• [WORK TASK]:
Below are the entries; output exactly the lines from the one containing "レオパレスステラ 間取配置図" through the final line, inclusive.

[[ DATA FOR ANALYSIS, beginning ]]

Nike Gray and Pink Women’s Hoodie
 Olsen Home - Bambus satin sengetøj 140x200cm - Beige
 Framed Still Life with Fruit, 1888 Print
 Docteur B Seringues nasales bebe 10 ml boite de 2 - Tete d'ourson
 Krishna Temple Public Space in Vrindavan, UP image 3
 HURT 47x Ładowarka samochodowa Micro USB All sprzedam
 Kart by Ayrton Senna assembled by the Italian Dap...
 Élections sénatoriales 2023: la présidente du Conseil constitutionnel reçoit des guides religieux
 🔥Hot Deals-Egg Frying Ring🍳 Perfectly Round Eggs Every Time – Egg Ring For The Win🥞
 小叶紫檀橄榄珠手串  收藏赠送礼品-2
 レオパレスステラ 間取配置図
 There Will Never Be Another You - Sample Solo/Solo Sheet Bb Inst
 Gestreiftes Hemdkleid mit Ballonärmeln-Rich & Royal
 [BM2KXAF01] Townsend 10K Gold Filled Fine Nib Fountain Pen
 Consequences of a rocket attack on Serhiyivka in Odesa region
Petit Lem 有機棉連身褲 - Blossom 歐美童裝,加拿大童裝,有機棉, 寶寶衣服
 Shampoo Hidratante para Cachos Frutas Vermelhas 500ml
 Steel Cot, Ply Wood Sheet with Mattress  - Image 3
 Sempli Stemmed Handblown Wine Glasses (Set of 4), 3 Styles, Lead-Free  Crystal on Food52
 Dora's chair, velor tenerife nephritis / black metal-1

[[ DATA FOR ANALYSIS, end ]]

• [WORKED SOLUTION]:
 レオパレスステラ 間取配置図
 There Will Never Be Another You - Sample Solo/Solo Sheet Bb Inst
 Gestreiftes Hemdkleid mit Ballonärmeln-Rich & Royal
 [BM2KXAF01] Townsend 10K Gold Filled Fine Nib Fountain Pen
 Consequences of a rocket attack on Serhiyivka in Odesa region
Petit Lem 有機棉連身褲 - Blossom 歐美童裝,加拿大童裝,有機棉, 寶寶衣服
 Shampoo Hidratante para Cachos Frutas Vermelhas 500ml
 Steel Cot, Ply Wood Sheet with Mattress  - Image 3
 Sempli Stemmed Handblown Wine Glasses (Set of 4), 3 Styles, Lead-Free  Crystal on Food52
 Dora's chair, velor tenerife nephritis / black metal-1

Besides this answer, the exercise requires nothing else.